Extracted entries:

★ ★ ★

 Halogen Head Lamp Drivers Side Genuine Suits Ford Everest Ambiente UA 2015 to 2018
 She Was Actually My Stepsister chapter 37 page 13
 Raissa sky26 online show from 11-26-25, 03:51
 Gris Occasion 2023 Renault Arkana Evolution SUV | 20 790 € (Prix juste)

★ ★ ★

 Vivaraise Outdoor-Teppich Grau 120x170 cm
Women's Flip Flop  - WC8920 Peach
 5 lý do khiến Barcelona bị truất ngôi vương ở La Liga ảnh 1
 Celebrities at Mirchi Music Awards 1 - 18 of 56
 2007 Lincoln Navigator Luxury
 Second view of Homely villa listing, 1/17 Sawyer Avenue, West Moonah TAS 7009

★ ★ ★

Exercise requirements: From the records above, print only the lines between the one holding "Celebrities at Mirchi" and the one holding "Second view of", inclusive, exactly as they stand.

Task answer:
 Celebrities at Mirchi Music Awards 1 - 18 of 56
 2007 Lincoln Navigator Luxury
 Second view of Homely villa listing, 1/17 Sawyer Avenue, West Moonah TAS 7009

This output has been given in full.